Two other companies consistently top in the CSR tables are Alcoa and Toyota. Alcoa is the company which, in the face of unprecedented local opposition, is building an aluminum smelting plant in Iceland powered by a hydro-electric dam which will flood vast swathes of Western Europe’s last pristine wilderness, and is claiming that this is a socially and environmentally responsible venture. Toyota, the world’s second largest automotive manufacturer, hangs its corporate environmentalist image on its Prius hybrid which emits less greenhouse gases than the standard car. Its fuel guzzling SUV models, however, are amongst the company’s biggest sellers and massively outnumber sales of hybrids, and the company’s future depends on pushing the constant expansion of the car market. If these destructive companies are the leaders, then what does that say about those lagging behind? These examples show that projecting a socially responsible image whilst retaining destructive practices can be good for business. In which case, CSR benefits the shareholders in multinationals while achieving little for social or ecological justice.

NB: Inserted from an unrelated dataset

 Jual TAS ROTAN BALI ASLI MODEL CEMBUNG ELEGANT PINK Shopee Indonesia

Voluntary codes of conduct don’t work

The Asian Monitor Resource Centre’s (AMRC) Critical Guide to Corporate Codes of Conduct echoes in its criticisms the wider problems with CSR. AMRC argues that, rather than being solutions to corporate abuses in the workplace, codes of conduct are generally insufficient to change the industry. Their study, based on a decade’s experience of studying labour issues in Asia, leaves them undecided as to whether codes have led to any improvement in labour standards. This applies to more than just labour codes. Six years after the establishment of the Forest Stewardship Council, deforestation rates in the tropics have increased. Codes attempt to harness the power of the market rather than reduce its power. This issue is explored further in the section on market mechanisms.

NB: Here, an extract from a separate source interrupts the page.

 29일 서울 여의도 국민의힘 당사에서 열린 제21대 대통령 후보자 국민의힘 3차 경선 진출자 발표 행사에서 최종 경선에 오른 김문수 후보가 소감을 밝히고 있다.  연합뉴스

Socially Responsible Investment (SRI) isn’t enough

SRI, or ethical investment, is used to describe investment that seeks to have a positive impact on society, or at least to minimise the negative effects. SRI can mean a range of things, from investing exclusively in enterprises that have a positive impact (as is the policy of the Triodos and Grameen Banks), to screening out companies from the worst sectors such as the arms, tobacco and oil industries or companies which test on animals (as do the Cooperative Bank and the Friends Provident ‘Stewardship’ pension fund), to making no discrimination as to which companies are invested in but simply trying to influence companies in their portfolio through shareholder resolutions and engagement (as is the policy of the Universities Superannuation Scheme). The majority of SRI falls into the latter two categories. Only a small number of ethical investors pro-actively seek out genuinely positive social enterprises. When companies are screened on the basis of ethics, the criteria are often very crude. For example, funds often screen out armaments companies, but companies in sectors which are seen as relatively ethically neutral, such as supermarkets or clothing retailers, are also highly socially damaging. Funds that screen on the basis of ethics also frequently invest in banks, which in turn invest in the industries which were originally screened out. Socially responsible investors, as with all investors, have to ensure the financial success of their products. So they can only support a company’s efforts to be socially responsible where it is profitable. As such SRI’s role is limited to issues such as managing risk, executive pay, and disclosure, making arguments supporting shareholder interest. They reward companies for making minor changes when the company’s overall operations are a major problem. The New Economics Foundation has dubbed this the ‘ethics lite’ approach.